(145) 古新聞(その2)・・・三歳で‘般若心経, スラスラ・・・ - よもやまばなし

(145) 古新聞(その2)・・・三歳で‘般若心経, スラスラ・・・
2013/3/1

 先回に続いて、古新聞からの話題。やはり「毎日新聞」で昭和26(1951)年の11月7日付、先回より3日前のもの。大体同じ頃の新聞が、そのまま一緒に箱の詰め物になっていたということだ。

倉敷市安養寺第三瓦経塚中の般若心経が記された瓦経冒頭部分 1行目に「・・般若波羅密・・」が読める

 今回のタイトルは、その日付の新聞紙上にあったタイトルのままである。当時は4ページしかない新聞の岡山版に、他の注目されるニュースのタイトルと同様、1cm角もある大きな文字で横書きされていた。

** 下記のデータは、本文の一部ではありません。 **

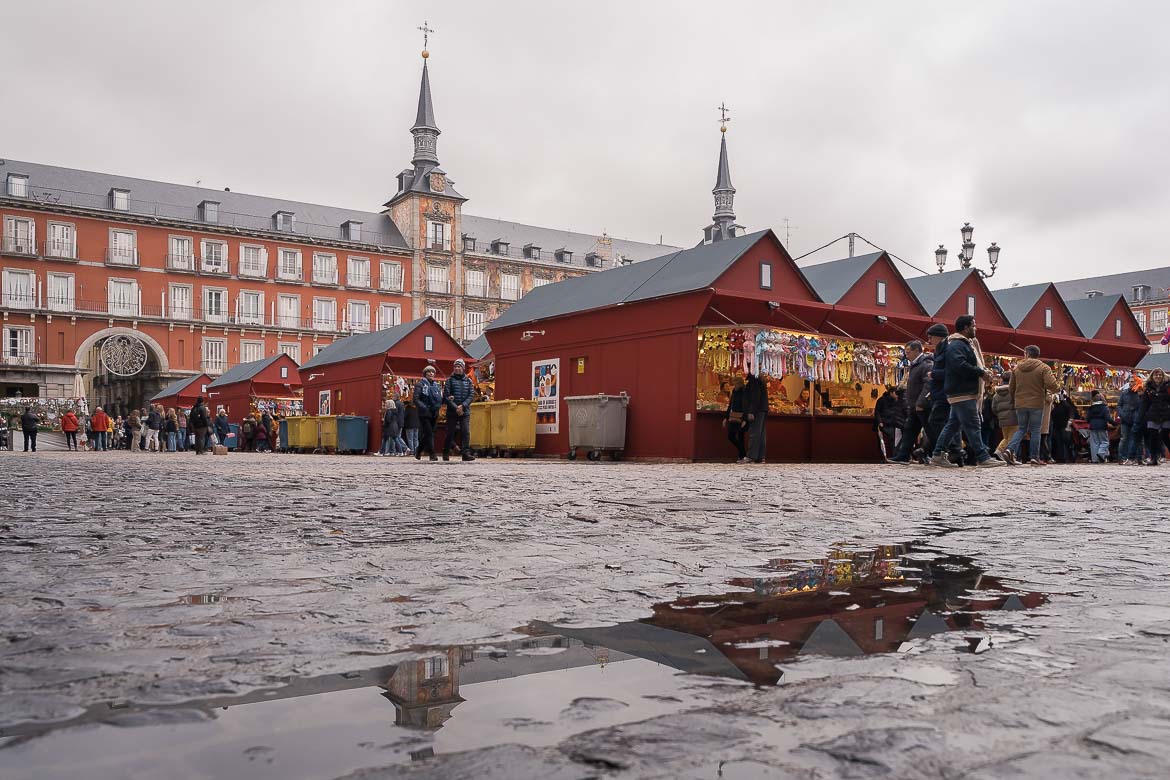 This image shows Plaza Mayor before Christmas. In the middle of the square, there is a Christmas Market.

サブタイトルもあり、それには「倉敷の地蔵院の大ちゃん」と、これもかなり大きな文字だった。

 旧倉敷市内生え抜きの方なら、60年以上昔のこととは言え、このタイトルだけで誰のことか、見当が付く人も多いのではなかろうか。このタイトルが、古新聞を開いていった私どもの目に飛び込んだのも、考古館のある一帯に近接した馴染み深いお寺さんで、すぐご当人も思い浮かぶことだった点もある。

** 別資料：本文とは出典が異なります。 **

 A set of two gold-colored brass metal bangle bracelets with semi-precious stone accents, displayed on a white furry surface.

 悪い事ではないので、まずご当人について・・・断りも無く勝手に実名を書かして頂いたが、現在は地蔵院の住職、御国幼稚園も経営され理事長・園長でもある松井大圓師のことと思ったのである。当時の新聞紙上には、おじいさんの恵戒師の横に正座して拝む小さい大ちゃんの写真があり、「・・・・門前の小僧のたとえ通り街の話題になっている。」と2段で各12行の記事としては、大きな部分を占めるものであった。

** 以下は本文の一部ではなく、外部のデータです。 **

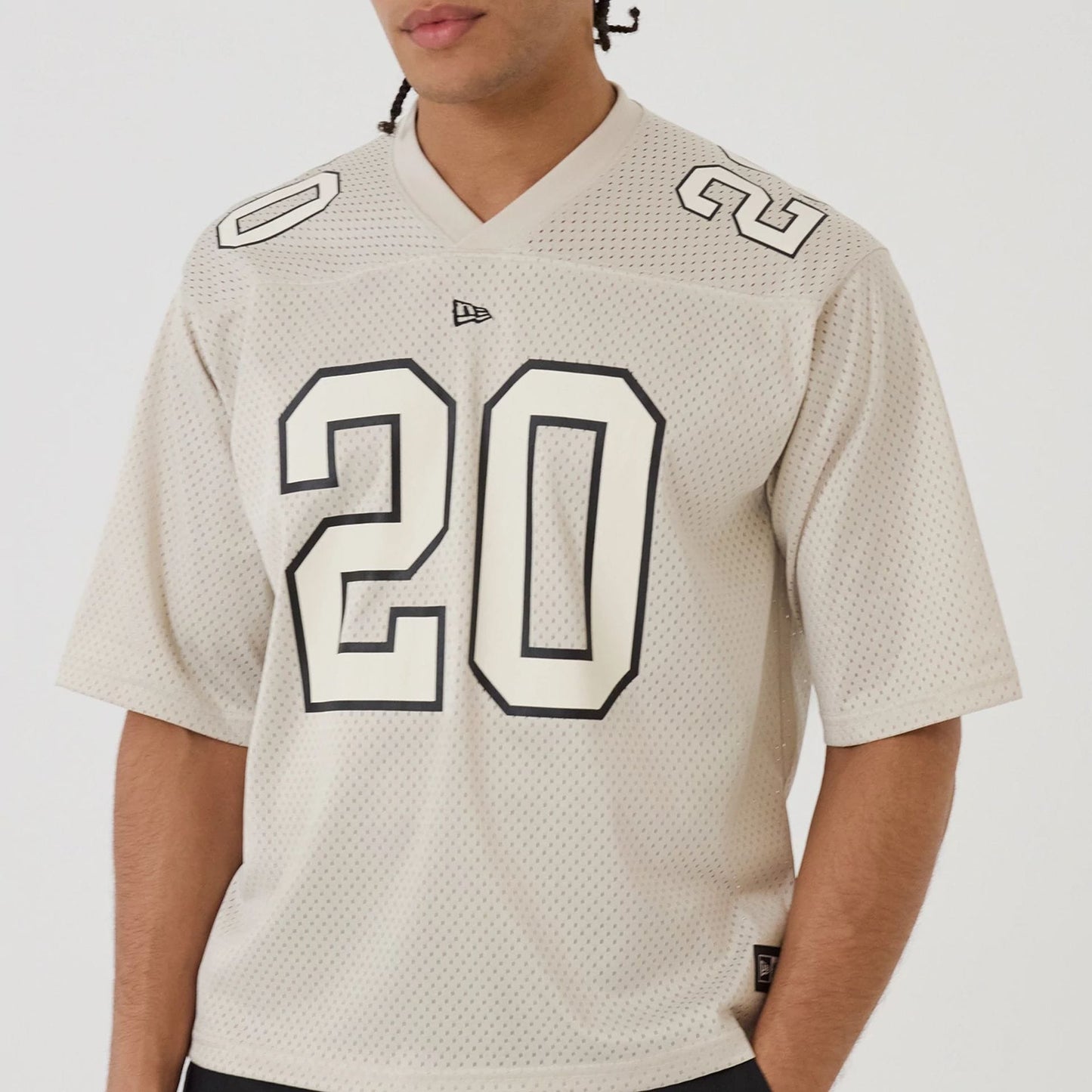 The model is wearing this New Era Mesh Football Short Sleeve Shirt in beige. 7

 しかし実は考古館に勤める者としては、僧侶でもないくせに、ここに出る心経をはじめ、仏教経典に苛められた思いが抜けきれてないこともあって、思わず般若心経に目が行ったこともある。この「よもやまばなし」でも、2007年10月に載せている9話「写経」では、般若心経そのものを取り上げ、2010年7月~8月にかけての83,84,85話では、数字をクリックしていただければ分かるように、倉敷市にある安養寺の瓦経塚を話題とし、多くの経典に苦労した話も載せている。

 いまさらまた般若心経という事でもないのだが、私たちが安養寺第三経塚を発見したのは、先の話題で述べているように1958年だった。大ちゃんが般若心経を暗誦していた頃には、経典などとは無縁の衆生だった。その頃こうした記事を目にしていても、全く記憶には残らぬものだったはず。

  しかしこの新聞発行日より7~8年後には、平瓦に経文が刻字されている瓦経で、10種以上の経典群を、カードを切ったように全くの順序不同で、土中に埋納したものが、焼きが悪かったため、粘土の塊と化した新しい安養寺瓦経塚(同地では当時より20年も前の1937年に、別の瓦経塚が偶然出土)を、私どもが発見する機会に恵まれた。

 以前の83話でも詳しく述べたことではあるが、こうした瓦経塚は、現在に至るも、正確な出土地といえば、全国で20箇所程度、その中で考古学に関わる者が、最初から遺跡を発見し得たのは、今でも他にほとんど例がない。この半世紀間にも、佐賀県で工事中に発見され、調査された築山瓦経塚くらいのものである。私たちは幸運であった。しかも、粘土塊ともいえる状態の中から、6枚もの般若心経の書かれた瓦を取り出したのである。  前に記したように、安養寺の新瓦経塚の調査や内容については、幾回も「よもやまばなし」で取り上げ、その時も、如何に本体の保存状況が悪い中で、文字判読に苦労したかは記している。こうした中で、心経も発見したのだが、証明する文字は、薄く切れ切れにしか見えないので、文字本体は写真に写りにくいので、示していなかった。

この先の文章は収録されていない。